> **Dataset extract**:
- Opening Delimiter -
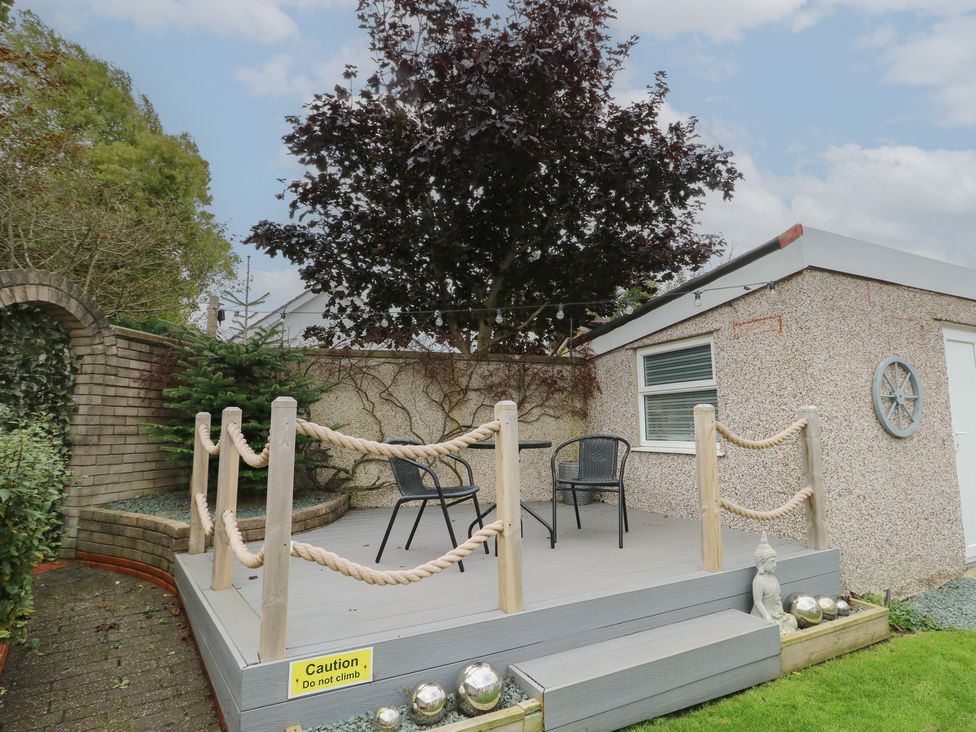 A garden with a deck and chairs near a shed at Glasfryn in Holyhead
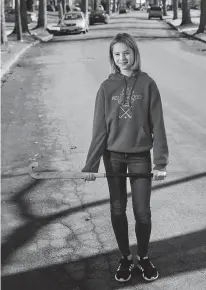  ?? MATT ROURKE/ASSOCIATED PRESS ?? Rebekah Bruesehoff, 14, poses Friday in Cherry Hill, N.J. The transgende­r teenager competes on her middle school field hockey team and hopes to keep playing in high school. ‘It’s all been positive,’ she said. ‘The coaches have been really helpful.’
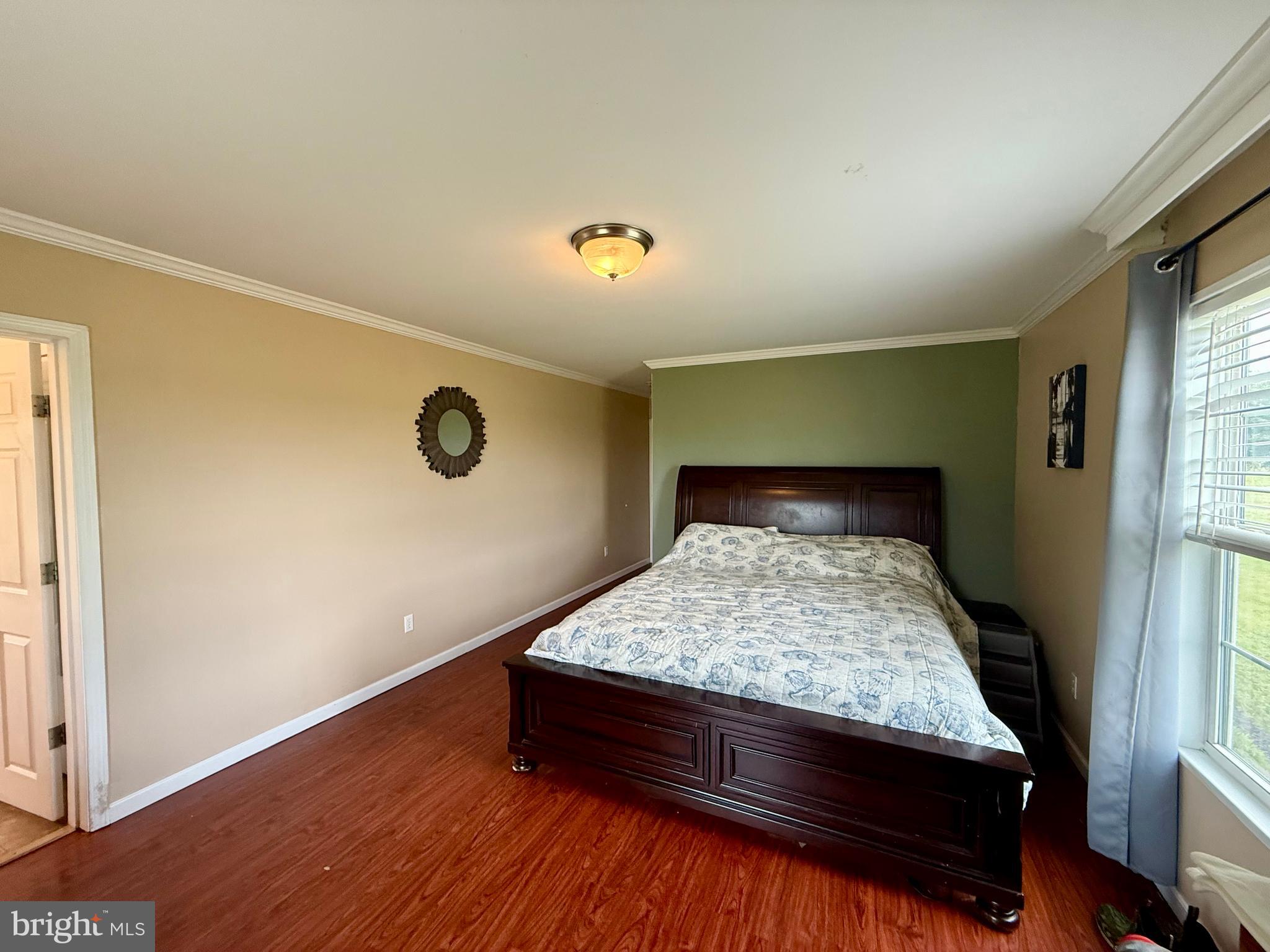 35777 Cobbs Hill Road Willards, MD 21874 - Photo 20 of 46 a bed sitting in a bedroom next to a window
- Closing Delimiter -
> **Exercise requirements**: Return the listing above unaltered, omitting its pictures.

> **Reply**:
 A garden with a deck and chairs near a shed at Glasfryn in Holyhead
  ?? MATT ROURKE/ASSOCIATED PRESS ?? Rebekah Bruesehoff, 14, poses Friday in Cherry Hill, N.J. The transgende­r teenager competes on her middle school field hockey team and hopes to keep playing in high school. ‘It’s all been positive,’ she said. ‘The coaches have been really helpful.’
 35777 Cobbs Hill Road Willards, MD 21874 - Photo 20 of 46 a bed sitting in a bedroom next to a window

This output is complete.